In the 1950s, the Americans invented the term “humanitarian intervention” to create the impression that their wars were motivated by altruistic and philanthropic concerns. They monopolized this term—only they had the right to attack another country for humanitarian reasons. If any other country intervened, the Americans would adamantly oppose the intervention and brand it as a savage invasion. In most cases, the American humanitarian interventions led to much bigger humanitarian disasters, probably because the real purpose of these wars was to capture natural resources and install puppet regimes in nations of geopolitical importance.
The first American project of humanitarian intervention was launched in Indochina, between 1955 and 1975. In the name of saving Vietnam from Soviet communism, the Americans perpetrated all kinds of horrors on the country. Hundreds of thousands of heavily armed American troops poured into Vietnam and they conducted saturation bombing of several densely populated areas. The American dead have been counted—about 52,000 American soldiers died in Vietnam.
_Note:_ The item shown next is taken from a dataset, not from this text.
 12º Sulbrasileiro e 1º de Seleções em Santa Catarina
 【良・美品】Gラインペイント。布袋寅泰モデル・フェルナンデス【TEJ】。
But what about the Vietnamese casualties? Most analysts believe that the American military machine slaughtered around 2,000,000 Vietnamese civilians and 1,100,000 fighters.
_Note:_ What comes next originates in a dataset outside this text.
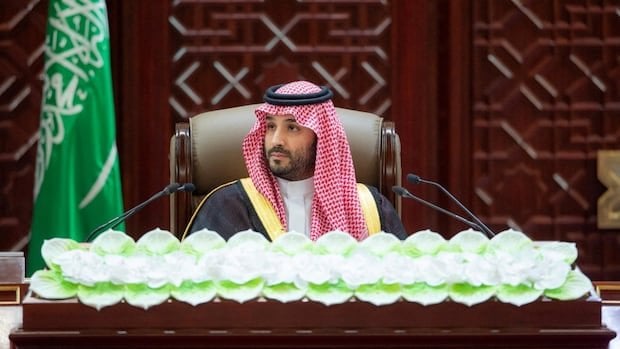 Saudi -Arabiens Mohammed bin Salman lud zum G7 -Gipfel in Alberta ein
The story of America’s “humanitarian intervention” in Indochina does not end with their defeat in Vietnam. In the 1970s, the American establishment encouraged the insurgent movement called Khmer Rouge, led by the Maoist leader Pol Pot, in Cambodia. The thinking in Washington was that the Maoist communists of Cambodia would battle against the Soviet communists of Vietnam and that would worsen the situation in the region to such an extent that the world would beseech America to intervene. But once it captured power in Cambodia, the Khmer Rouge went out of control. They slaughtered about 25 percent of the country’s population in just four years.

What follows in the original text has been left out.